··· EXERCISE DATA ···

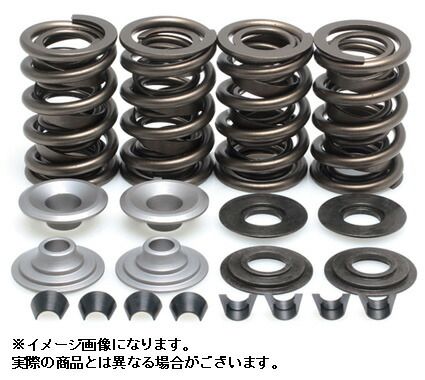 コンプリート バルブスプリングキット：L1984〜04年ビッグツイン、1986〜03年XL （.600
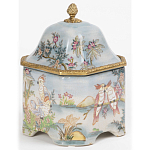 Шкатулка с попугаями Eden Garden варинант исполнения - 3 | Loft Concept в Москве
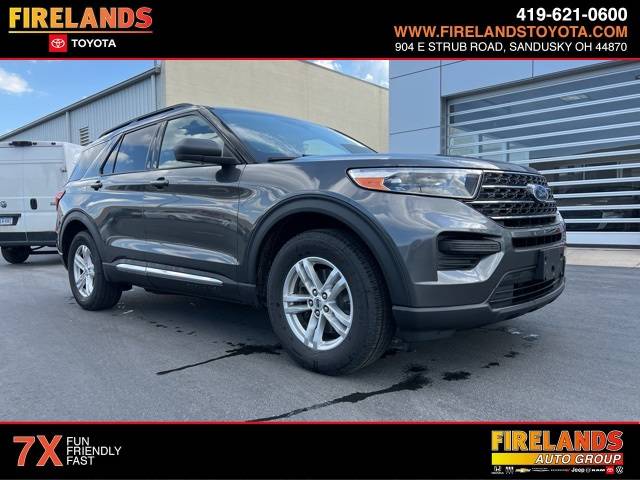 2020 Ford Explorer XLT — SUV — 59,621 mi — Sandusky, OH
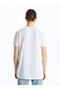 Lcw Modest Crew Neck Printed Short Sleeve Women's Tunic (S4) - 5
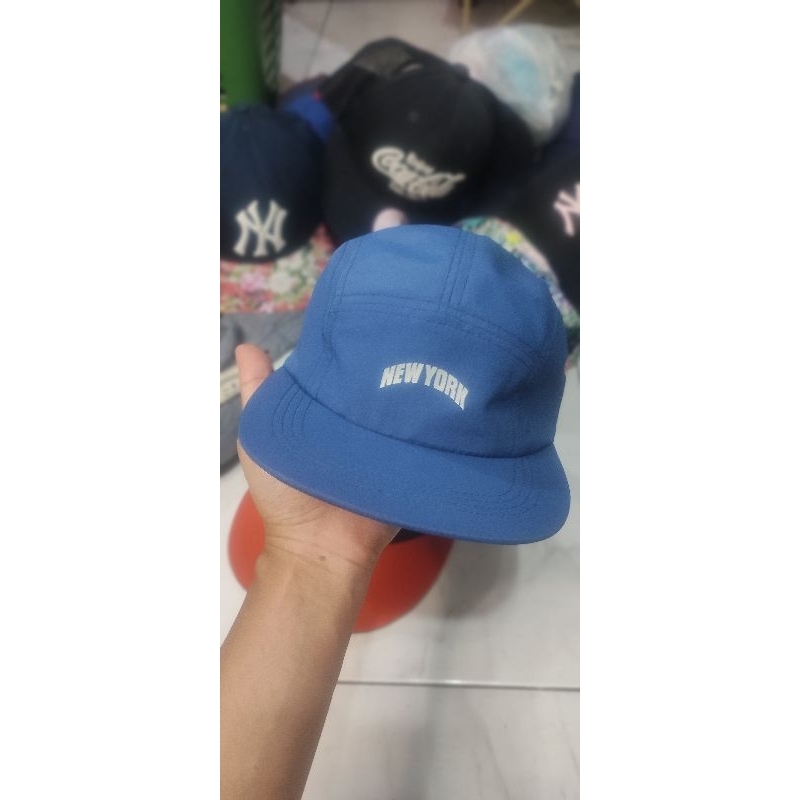 NBA Knicks 5 panel Second Original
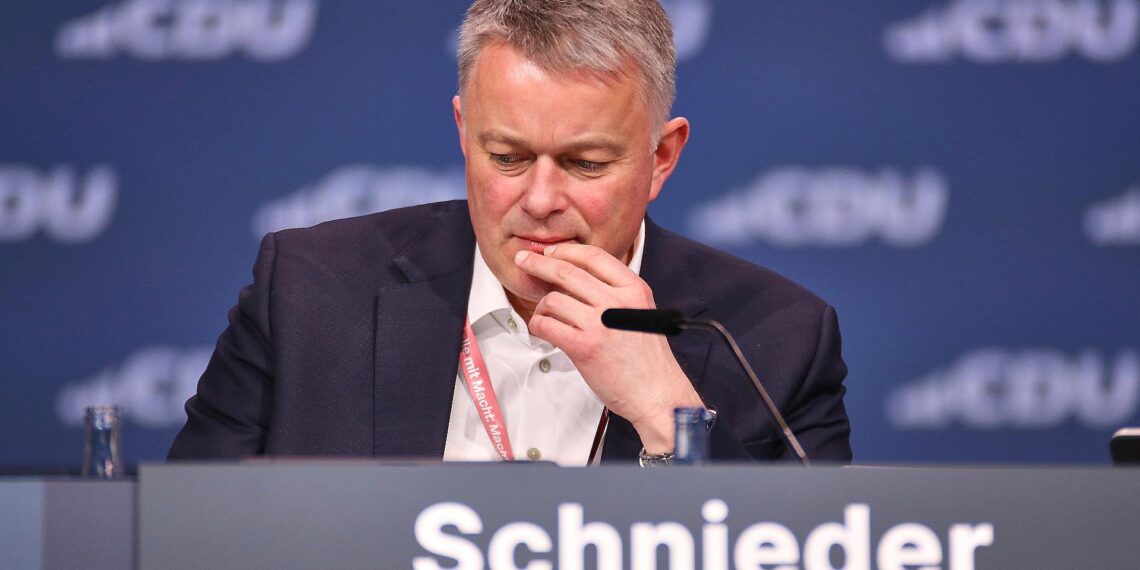 Gordon Schnieder (Archiv)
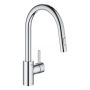 Grohe Eurosmart Cosmopolitan 31481001 bateria kuchenna stojąca chrom zdj.1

···

# [TASK REQUIREMENTS]
Retype everything in the entries above exactly. The pictures are to be omitted.

# [WRITTEN REPLY]
 コンプリート バルブスプリングキット：L1984〜04年ビッグツイン、1986〜03年XL （.600
 Шкатулка с попугаями Eden Garden варинант исполнения - 3 | Loft Concept в Москве
 2020 Ford Explorer XLT — SUV — 59,621 mi — Sandusky, OH
 Lcw Modest Crew Neck Printed Short Sleeve Women's Tunic (S4) - 5
 NBA Knicks 5 panel Second Original
 Gordon Schnieder (Archiv)
 Grohe Eurosmart Cosmopolitan 31481001 bateria kuchenna stojąca chrom zdj.1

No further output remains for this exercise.